> _WHAT TO PRODUCE_: Although the records include pictures, print only the rest, exactly as written.

> _INPUT DATA_:
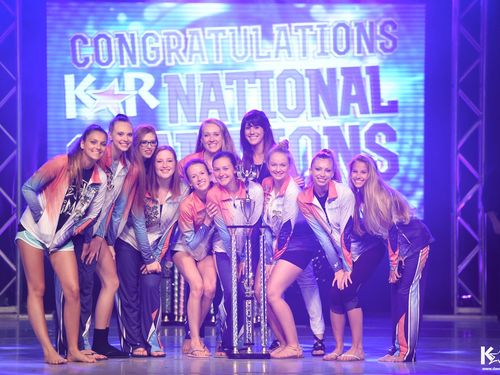 MYRTLE BEACH, SC NATIONAL FINALS - 7/18/2015 - Awards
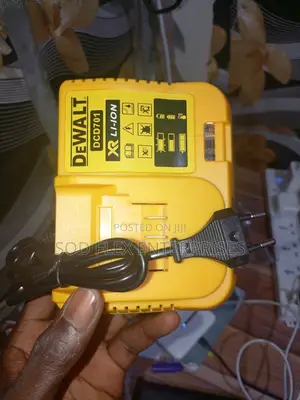 Dewalt Screw Machine Charger🔋🔌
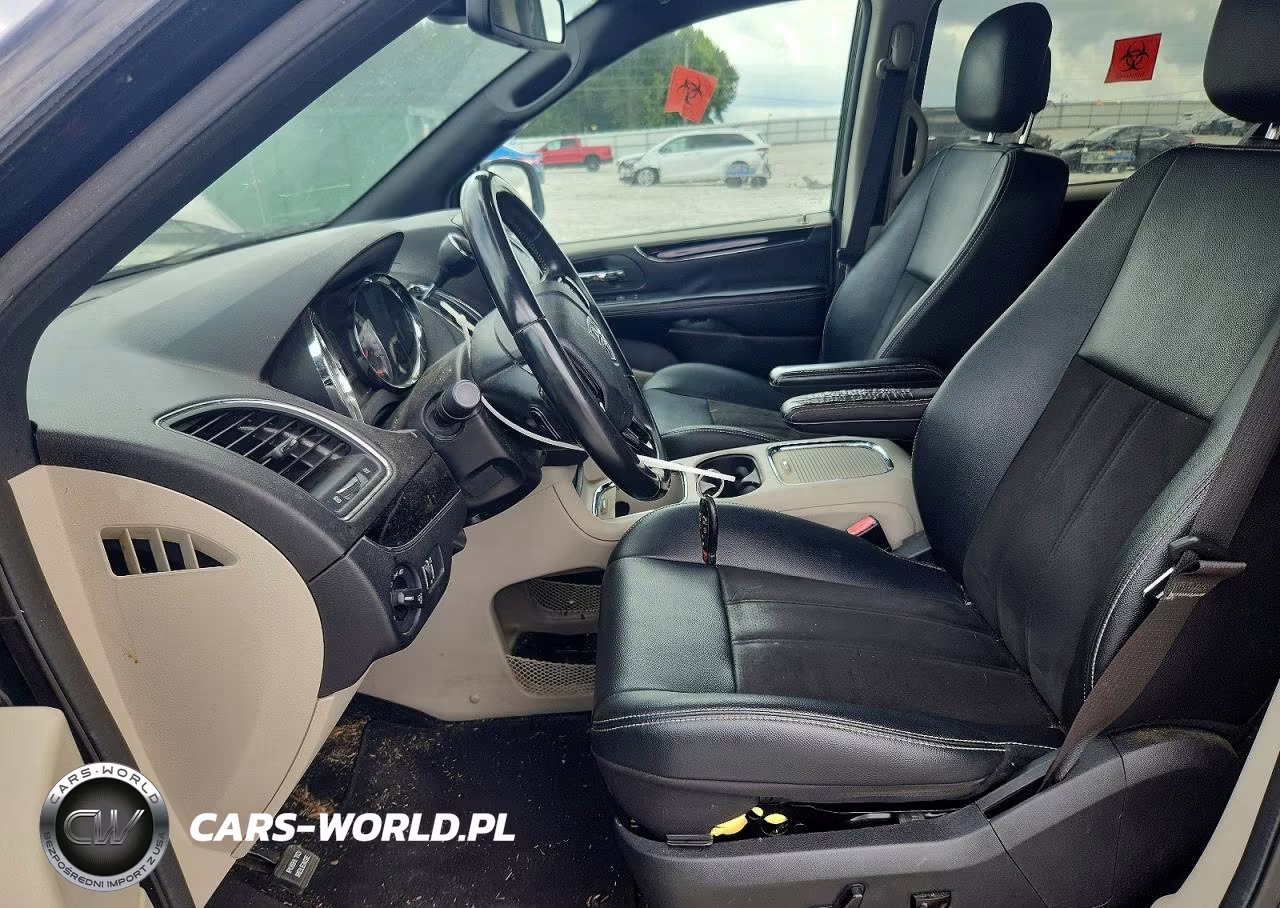2019 Dodge Grand Caravan Sxt VIN:2C4RDGCG7KR772081 - 7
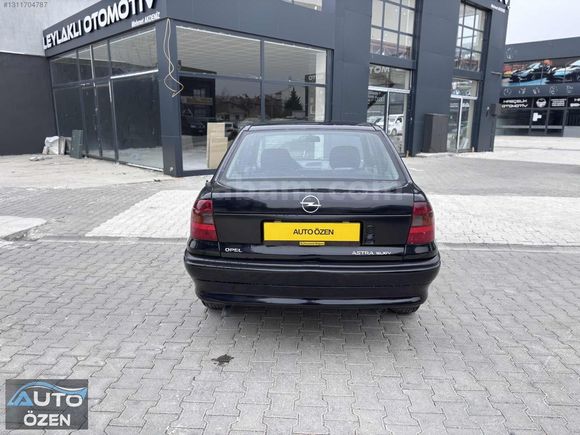 AUTO ÖZEN'DEN TERTEMİZ KLİMALI ASTRA 1.6 GLS SEDAN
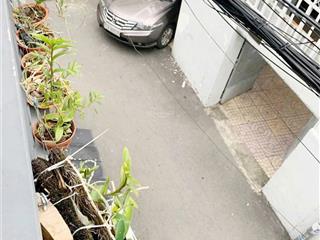 Phú thọ hòa,tân phú. nhà 2 tầng đẹp 53m2, hẻm xe hơi thông. chỉ 5ty nhỉnh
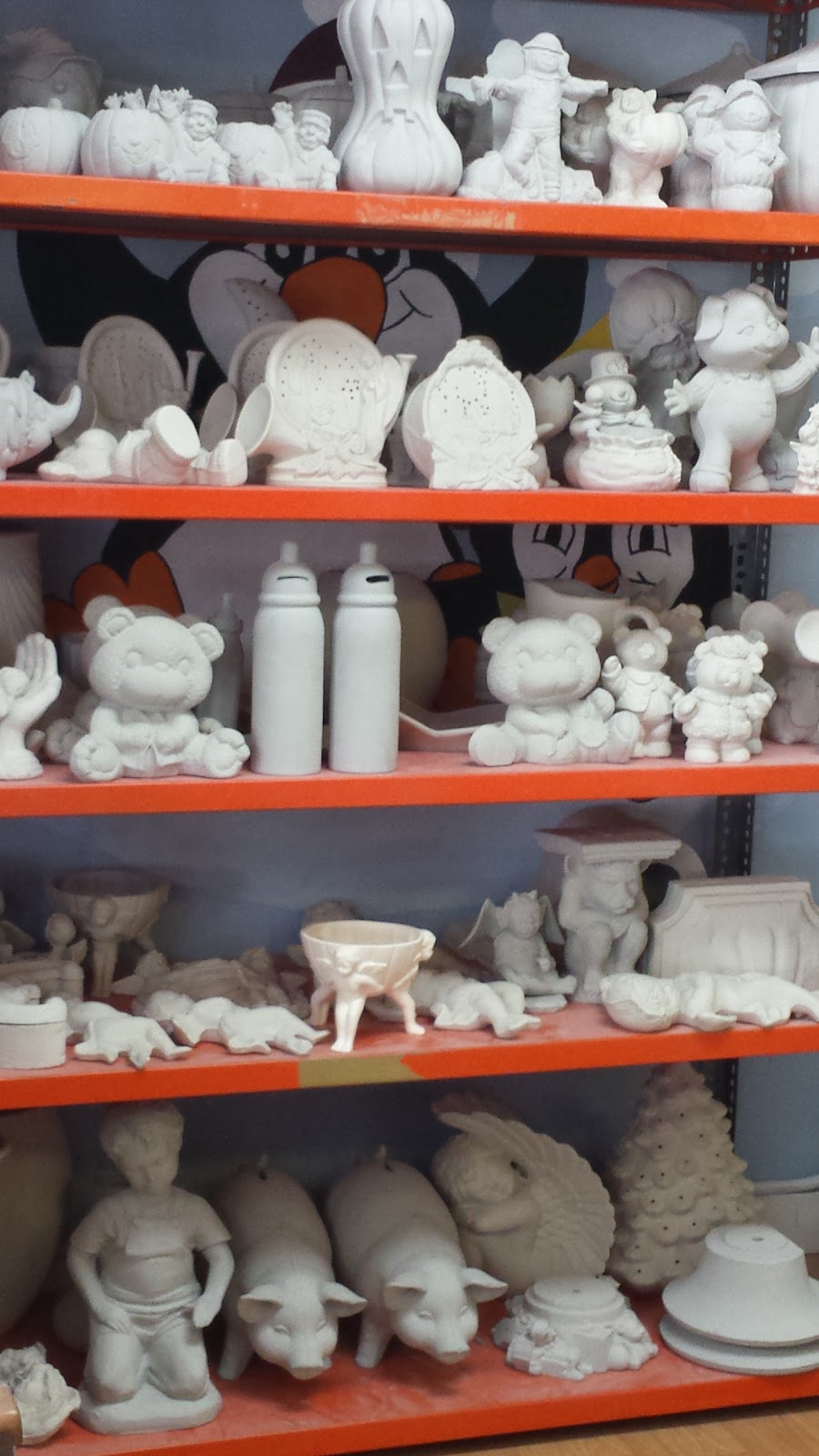 Family Ceramics and Gifts | 142 Broadway N, Raymond, AB T0K 2S0, Canada | Phone: (587) 435-9821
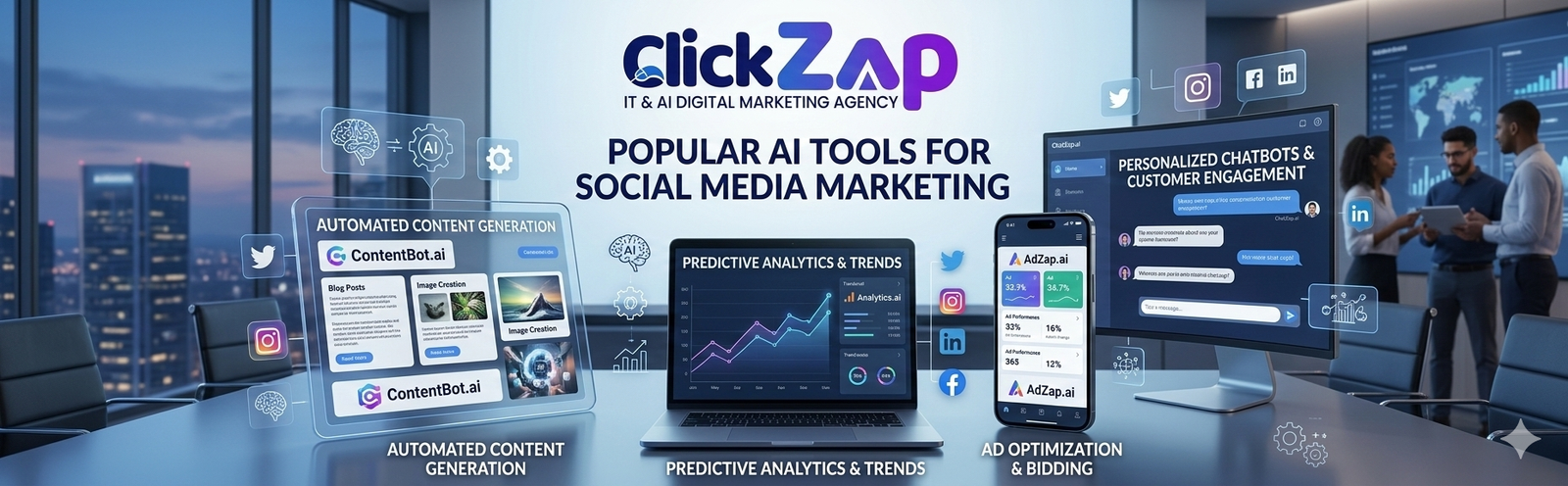 ai in social media marketing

> _RESPONSE AREA_:
 MYRTLE BEACH, SC NATIONAL FINALS - 7/18/2015 - Awards
 Dewalt Screw Machine Charger🔋🔌
2019 Dodge Grand Caravan Sxt VIN:2C4RDGCG7KR772081 - 7
 AUTO ÖZEN'DEN TERTEMİZ KLİMALI ASTRA 1.6 GLS SEDAN
 Phú thọ hòa,tân phú. nhà 2 tầng đẹp 53m2, hẻm xe hơi thông. chỉ 5ty nhỉnh
 Family Ceramics and Gifts | 142 Broadway N, Raymond, AB T0K 2S0, Canada | Phone: (587) 435-9821
 ai in social media marketing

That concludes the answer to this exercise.